When I was in college, you had to really want it. It typically involved braving sub-zero temperatures in a t-shirt and flip flops on an epic hike through gail force winds and snowbanks to the nearest payphone to make a collect long-distance phone call to the proud recipient. You usually lost a toe or two to hypothermia. These were the things Hemmingway novels were made of. It built character if nothing else.
Nowadays the young and intoxicated have to undergo no such discomfort. At this party I witnessed at least two people simply step off into a corner of the heated apartment and make the call while standing on plush carpet, food and drink in hand. You don’t even have to embarass yourself by speaking to the other person anymore. You can simply text them and hide your level of severe drunkenness. And trust me, these people needed it.

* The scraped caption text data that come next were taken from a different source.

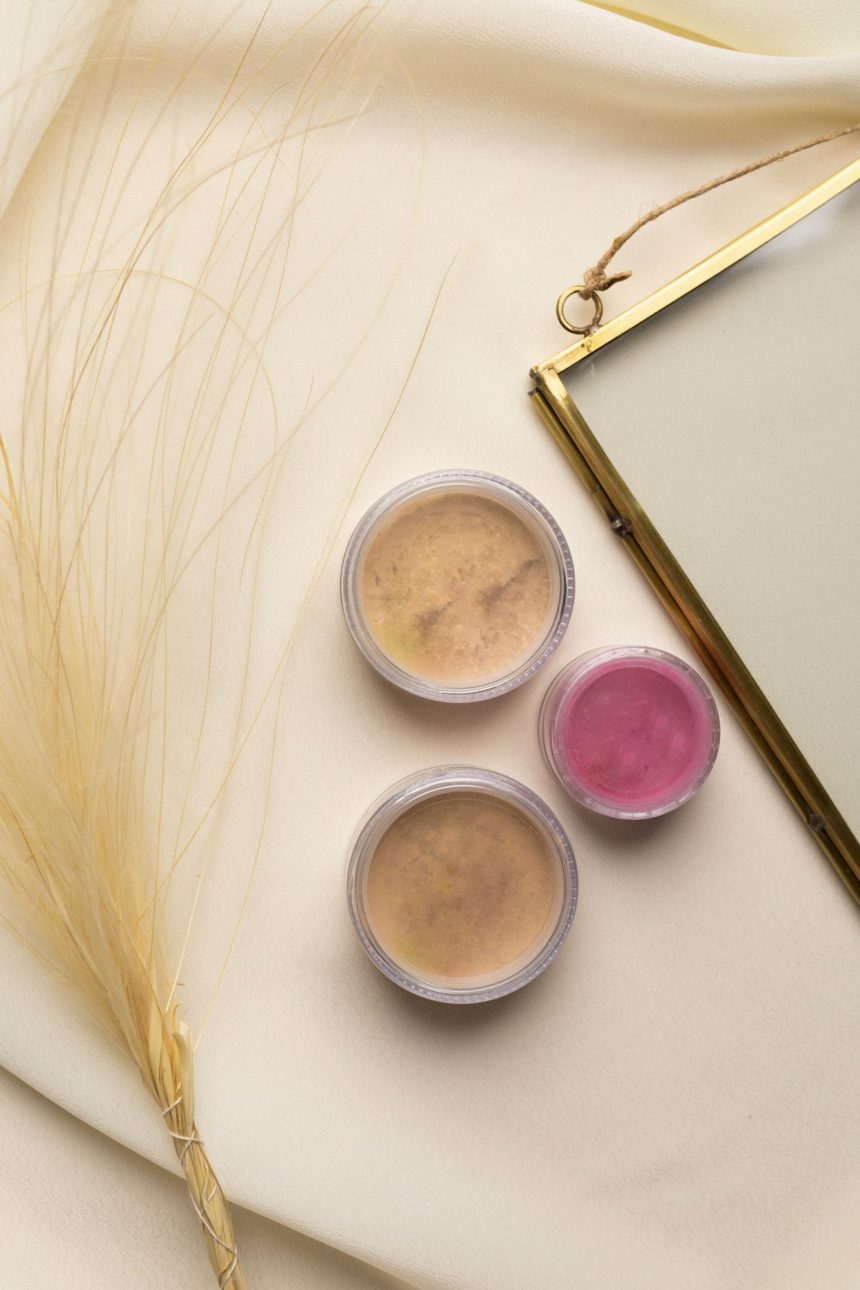 Cosmetice pudra faciala si fard de obraz pentru obraji pe fond natural cu flori uscate.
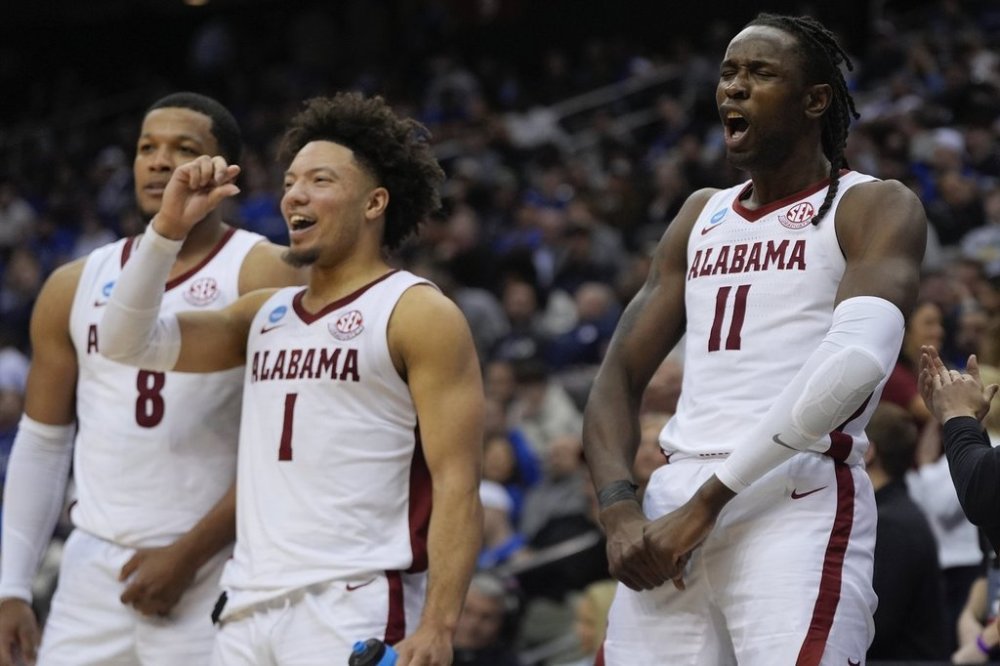 Alabama center Clifford Omoruyi (11), guard Mark Sears (1) and guard Chris Youngblood (8) react during the second half of a Sweet 16 round NCAA college basketball tournament game against Brigham Young, Thursday, March 27, 2025, in Newark, N.J. (AP Photo/Julia Demaree Nikhinson)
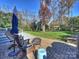 Large backyard with patio, fire pit, and lush green grass at 5227 Chedworth Dr, Charlotte, NC 28210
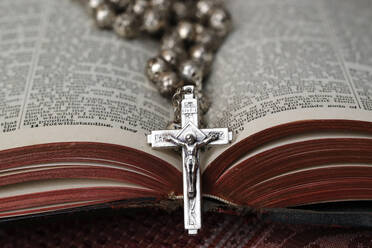 Vintage rosary with crucifix on an open Bible, Christian religious symbol, France, Europe - RHPLF25770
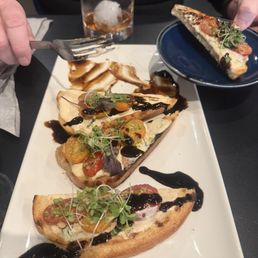 Goat Cheese Bruschetta with micro greens and balsamic glaze Goat Cheese Bruschetta with micro greens and balsamic glaze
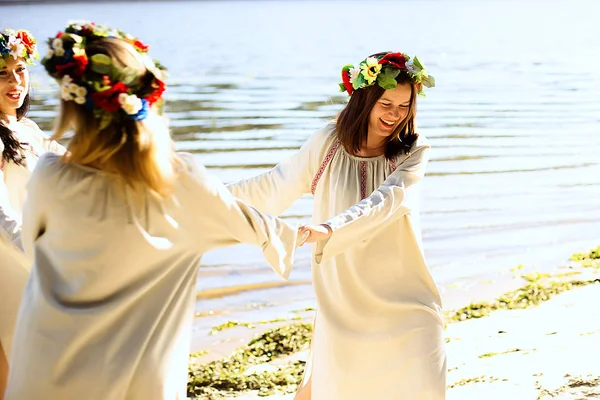 Girls in ethnic clothes with wreath of flowers celebrating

While grading for the 100th hour this week I almost lost it. It’s insultingly repetitive. To know that I’m capable of doing what I do, but having to suffer through this monotony is not what I signed up for. I thought for a second, “can’t we just hire someone to do this crap?” But then my next thought plunged me deep into a pit of despair. “Wait a second, I am that person. And I still have 200 more hours of grading to do. Then next week I get to start all over again.” Trying to constructively criticize 50 something feeble attempts to construct sentences wears on you after a while. The worst part of it all is that my research has been non-existent for the last week or two.

(*Disclaimer: the above post is purely hearsay*)

This is wild. Definitely worth watching. Nothing to do with science. Or everything. You decide.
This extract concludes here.